In this post I wish to cover two recent stories brought forward by the media: (1) the Ruchika molestation and suicide case, (2) the N.D. Tiwari expose.
Ruchika was a teenager when she was allegedly molested by a police officer who’s also (or has been) the DGP of the state. Among other forms of harassment, she was also thrown out of her school on some flimsy pretext. Her relatives and friends were repeatedly harassed. All these factors culminated in the girl’s suicide. Media coverage of the issue has horrendously side-stepped the issue of how an entire structure of individuals colluded to make life impossible for the girl, and hell for her parents. Journalists have covered friends who ‘carry on the cause’ of Ruchira’s death, who have ‘fought on for years’ in the hope of justice, and who stand vindicated now by a finding in their favour.

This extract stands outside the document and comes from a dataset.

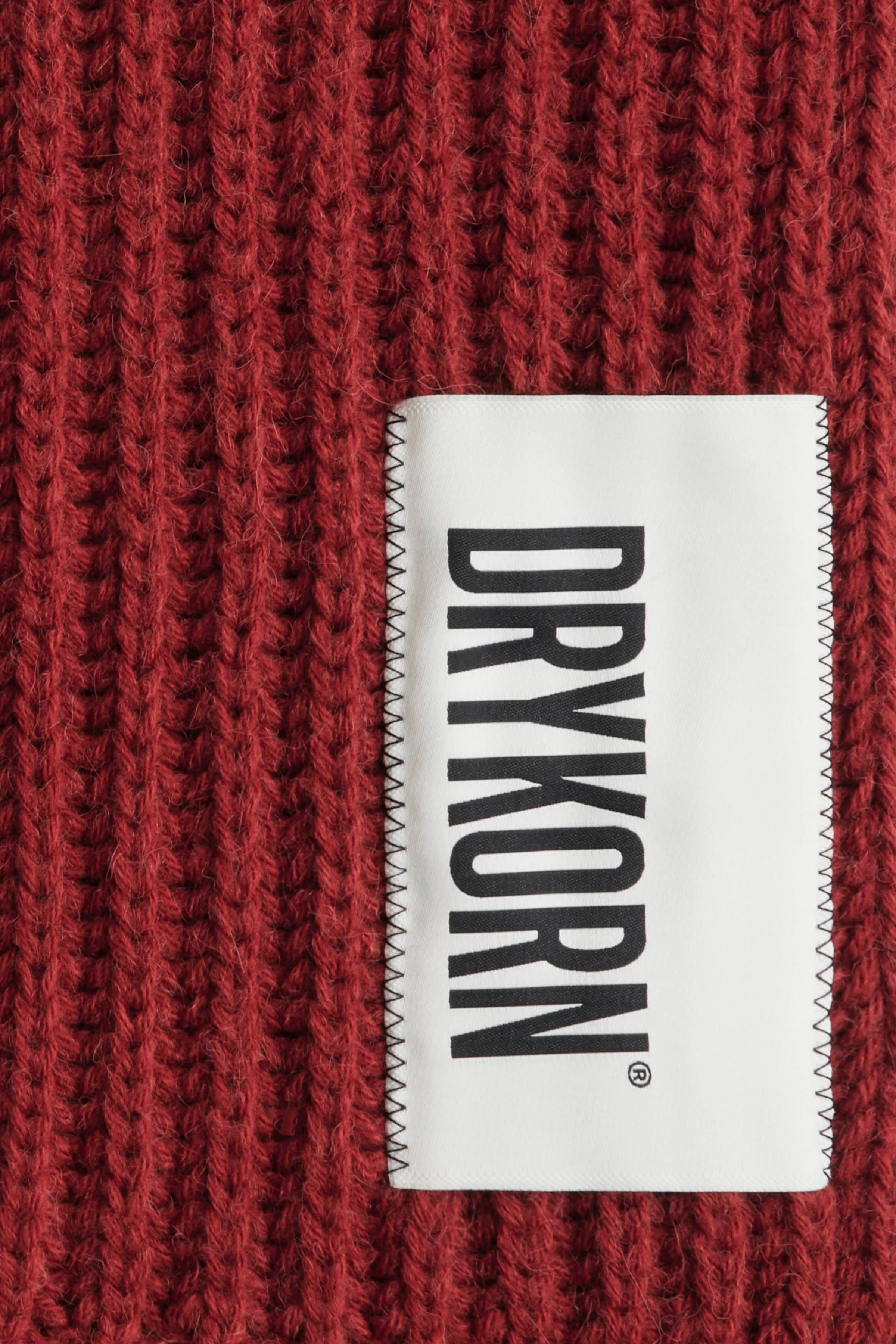 CRONICA - Knitted scarf in wool/alpaca blend - unisex - red - Freisteller Detailansicht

Some simple questions: (1) Since the recent media coverage has been fuelled by the CBI’s charges filed in the Ambala sessions court, what were journalists doing in the 16 years the CBI took to frame charges? (2) What investigative journalism is required to interview the parents, friends and relatives of a victim, and where is the other side of the story? (3) Why is no one asking the really tough questions about how a police officer could not just get away with molesting a teenaged girl, but also harassment (which includes the alleged arrest of the victim’s brother, and interrogations which the officer personally supervised)?
In the second recent story, let us recount what happened: The Governor of a state was caught on camera indulging in sexual activities with three women. Nobody has alleged, neither has it been proved that the women were prostitutes, or were being forced in any way. Therefore, if we forget the high public office person occupied (he has since resigned), what we have is a situation where a group of persons were willingly indulging in sexual activities. It may or may not be ethical, but it is definitely not illegal. If someone makes a video of such a scene without the participant’s consent, and publishes it, the logical recourse would be to sue the journalist for breach of privacy.
Again, let me assert: ethical or not, the acts caught on tape were certainly not illegal (unless there are allegations of forcing consent, or prostitution). If a woman were caught in a compromising position on tape, and the tape was circulated without her consent, what would the normal recourse be? Common sense and precedent indicates there would be charges of violation of privacy, indecent representation of women, and also spreading obscene images in the public sphere. Why then is the governor being censured for his sexual preferences? Even if it were assumed that Mr. Tiwari has brought disrepute to a high public office, has the journalist conducting the sting operation not violated usually respected norms of privacy? Will it be possible tomorrow for a journalist to make a video of you cohabiting with a person other than your legitimate spouse, give it to your boss in office and demand your ouster from the organisation you work in? Is threatening to do so anything short of blackmail?
Moreover, this issue has also unfairly tried to link one’s private life with conduct in public life. Yes, a person who mistreats his wife in private ought to be brought to justice. But if a person has unconventional sexual preferences, should that be seen as an indicator of his ability to act decently in public life?